Meb: Yeah, where they just… there’s no soul behind what off a lot of these shops are launching, meaning its products. And to them, it’s just a factory where they put them in. And if they don’t work, they close them and launch new ones. I think the difference for shops like yours and ours is like we actually believe. It’s like chefs, you know, we believe in our offering, as opposed to just turning out the McRib.
Cullen: I can’t afford to just sling mud at the wall and hope that some of it sticks. I actually have to, “Yeah, we’re making this and I’m eating, and I’m eating a huge piece of it.” I mean, in my own personal portfolio and across my whole practice. So, yeah. I mean, I think one of the advantages of being a smaller shop is that you have to have a much more thoughtful approach to what you’re doing. But yeah. I mean, in the long run, I don’t know. I mean, do I want to compete with the Meb Faber’s of the world with creating funds? I mean, I don’t know. One of the reasons I started with such a broad, somewhat simple fund was because you can mix and match other pieces around this thing in a very simple way where, like I said, I mean, I’m typically building three to five fund portfolios these days. I mean, I’ve put together a portfolio that was literally three ETFs for somebody with $4 million the other day. I mean, it was almost crazy simple when I looked at it, but it also was literally one of the most beautiful portfolios I’ve ever built. Just because it was so simple and clean, it met all of his needs across different time horizons and everything. So, ideally, I don’t know where this will go.
Meb: Well, the beauty now is you can sit down with people and say, “I’m going to build you a one-fund portfolio. Who needs three? Here’s one, there, you’re done.”
Cullen: It’s such a weird world that people still aren’t… It’s funny, I was talking to the guys that work at some of these big Robo advisors. And I was asking them, like, “Why didn’t you ever start like just a one fund ETF? You could have started like three one fund ETFs, and you would have vastly simplified your whole practice and the way that the asset management works.” And they were like, “People don’t want that.”
Meb: You got to remember, it’s hard to justify your existence and fees if you’re just allocating to one fund. That’s kind of like this trend, I think, and I agree with you that the advisor profession is a lot more future proof if, huge asterisk, like you, offer a bunch of value-added services such as estate planning, insurance, behavioral coaching, golf with the local club, whatever. But the asset management side, I think, is getting already, you know, disrupted by the likes of you and others.

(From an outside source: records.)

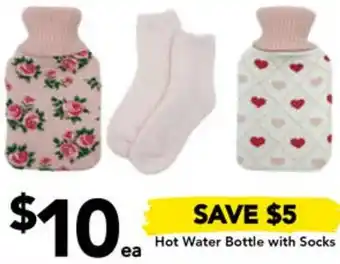 Drakes Hot Water Bottle with Socks offer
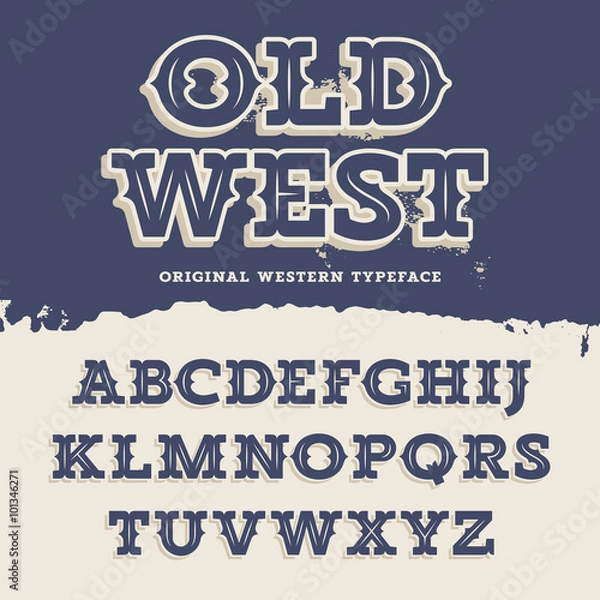 Obraz Old West Font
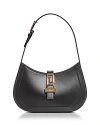 Versace Greca Goddess Small Shoulder Bag In Black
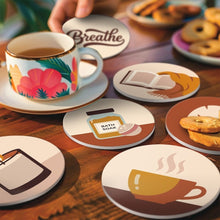Load image into Gallery viewer, Paint by numbers 10cm Coasters (6 pieces) - Cozy Rituals
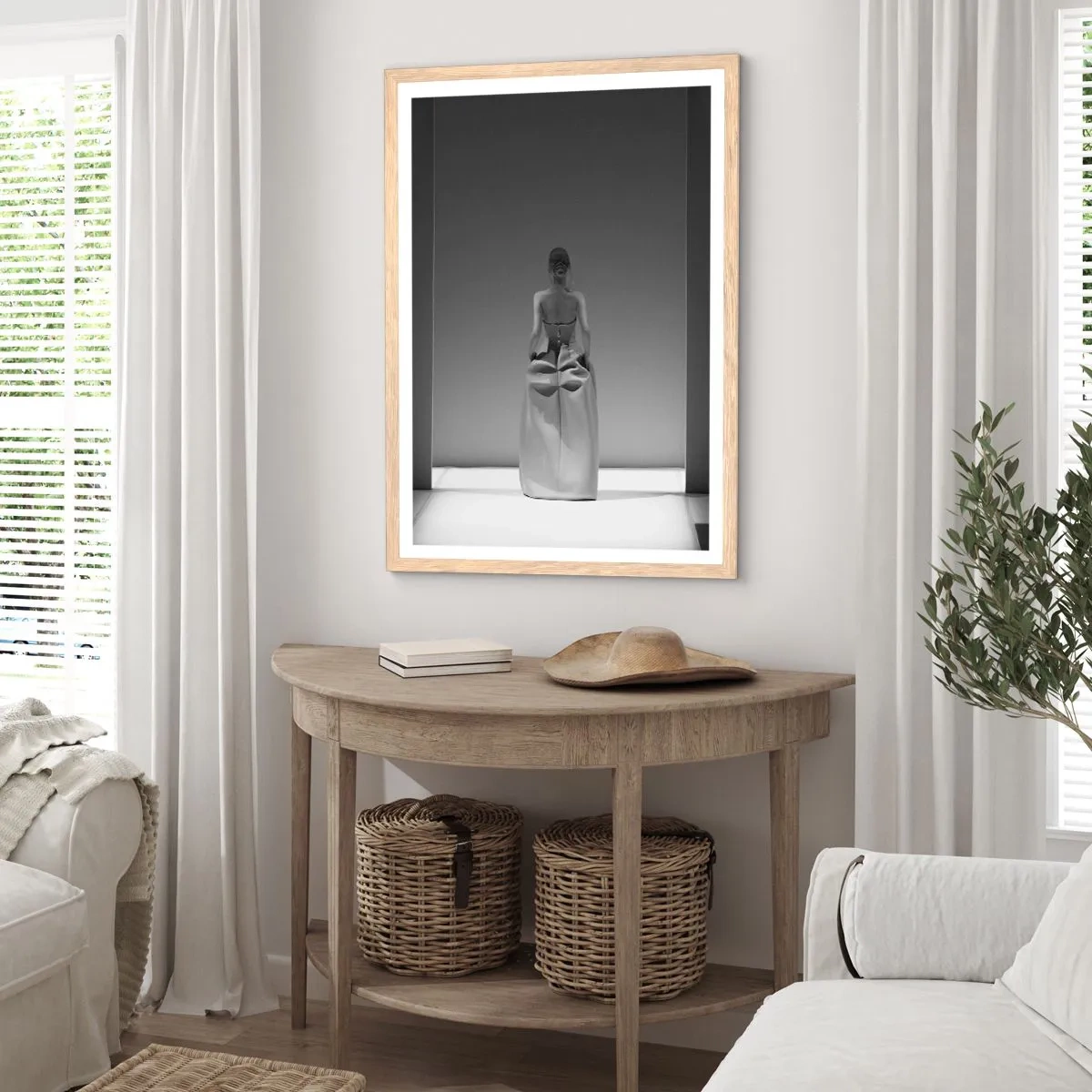 Een poster in een licht eiken lijst - Verfijnde eenvoud - 30x40 cm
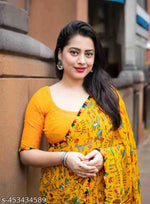 Georgette Printed Saree (With Lace Border)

Well, you’ve hit the first unlock, there’s like three unlocks, $20 million, 4100 million, 3-year track record, that’s what a lot of the platforms, for whatever reason want, but just making sure you’re going to survive and not disappear into the ether, either is starting to take on different meaning. What’s on the writing nightstand for you? What are you thinking about else in the world? What’s got you confused? What’s got you interested, excited? What is your drafts folder on the blogging world? What are you thinking about?
Cullen: I mean, like a lot of people, I’m thinking increasingly about crypto and how it fits into… I’m a big market-cap-weighted guy. So like the fact that we mentioned earlier that it’s only like 1% to 2% of global financial assets, but that’s a lot of money. I think 5, 6, 7 years ago, you could still look at the cryptocurrency space and say like, “Okay, this is not going anywhere, this is not important, we don’t really need to be too thoughtful about this.” But it’s generated enough momentum at this point where I think that you at least have to be paying attention to it, you at least have to be thinking about it and the long-term potential ramifications. There’s so much brainpower now that’s being invested in all of this stuff that you have to at least try to be considerate of the long-term impacts, whether it’s going to grow into 3% of global financial assets, or whether it’s going to grow into like…some people think it’s going to completely take over the existing financial system, which I’m not in that boat. But I still think that there’s going to be a blending of all of this. And it’s the first really interesting thing that is changing a lot of the dynamics in the financial world. In my whole career, the crazy thing with gold is that, like I talk to a lot of people who traditionally would love owning gold.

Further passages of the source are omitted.